If anyone had hoped that the dubious distinction of becoming the first American president to have a police mugshot taken might be a humiliating or humbling experience for the person concerned — or that four criminal indictments, 91 felony counts and an enforced tour of US courtrooms in the run-up to an election might precipitate some kind of fall in popularity — they must be feeling somewhat disillusioned. Since the release of the image of Donald Trump in Fulton County jail — showing the former president adopting a thuggish pose, brows furrowed and eyes glaring contumaciously up towards the camera — he has only increased his lead. Trump is now more than 50 points clear of his nearest rival Ron DeSantis in some surveys, and a poll by The Economist and YouGov last week found he would win in a run-off between him and Joe Biden. In RealClearPolitics’ polling average, the current president is still ahead, but by less than a percentage point.

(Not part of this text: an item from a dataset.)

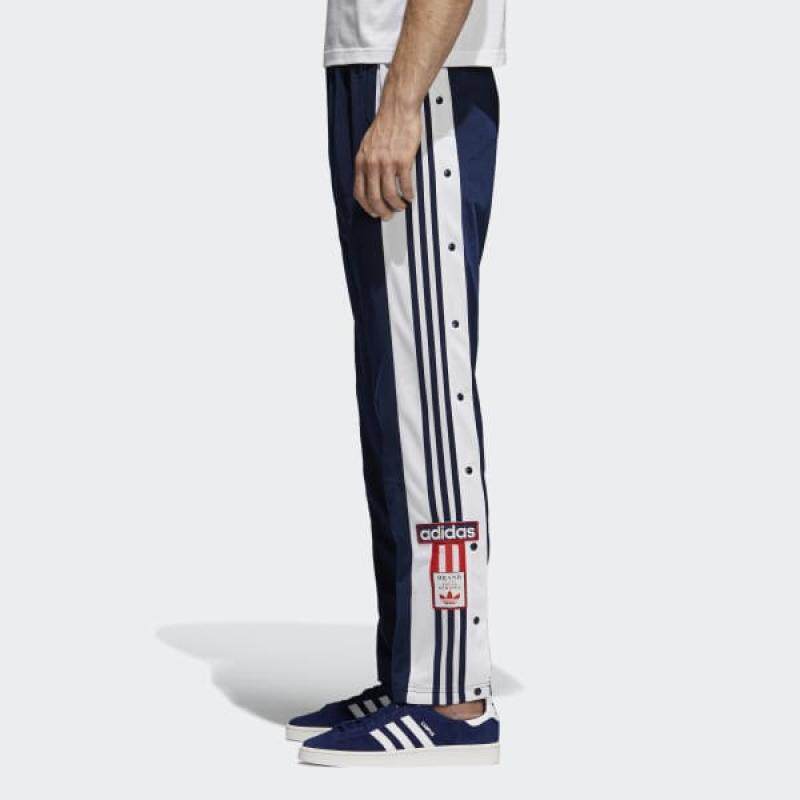 Adidas/阿迪达斯 Classic comfortable trousers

Far from working against him, Trump’s mugshot became instantly iconic; “next-level”, as Elon Musk put it on X, formerly Twitter. Trump himself even took to Musk’s platform for the first time since he was banned in January 2021 to share the picture, along with a link to his website where supporters could make donations. His campaign said that it had made more than $9.4mn since the mugshot was released, including $864,000 from selling 24,000 coffee mugs printed with the image (geddit?) and $1.7mn from T-shirts.

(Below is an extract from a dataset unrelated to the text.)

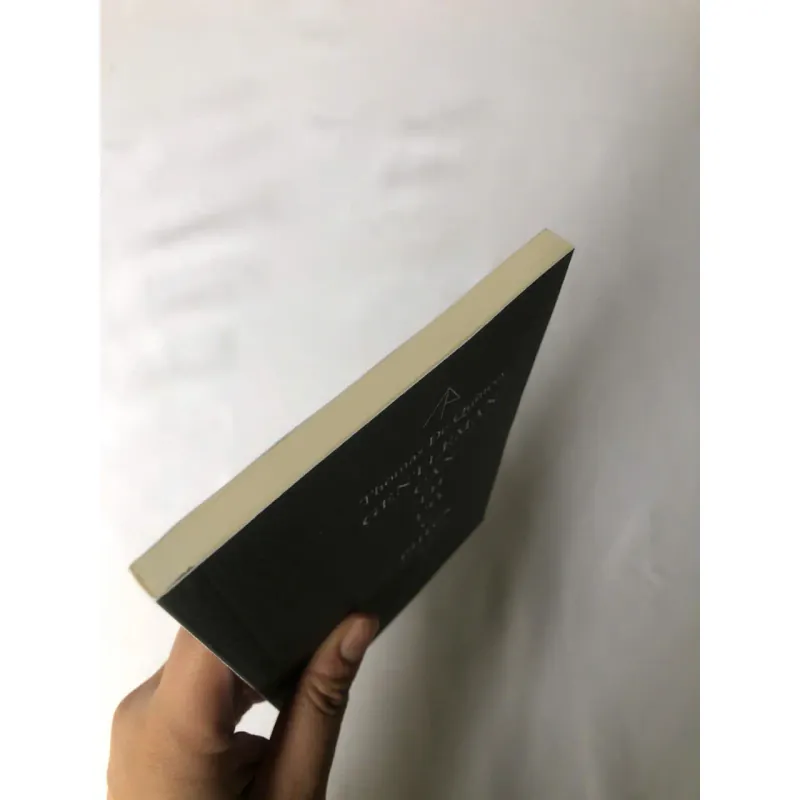 Gentleman Cắn Thuốc Phiện - Thomas De Quincey 799617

Many worry that all his legal woes are turning Trump into a “martyr”, but I’m not sure that quite captures it. It would imply, apart from anything else, that Trump is being persecuted for some kind of strongly held beliefs or principles. But he is in possession of neither — apart from the belief in himself. No, Trump is no feeble martyr. He is something altogether more “based” — to borrow the internet slang-word for someone who is respected for paying no regard to political correctness or even basic morality. Trump is the ultimate American anti-hero.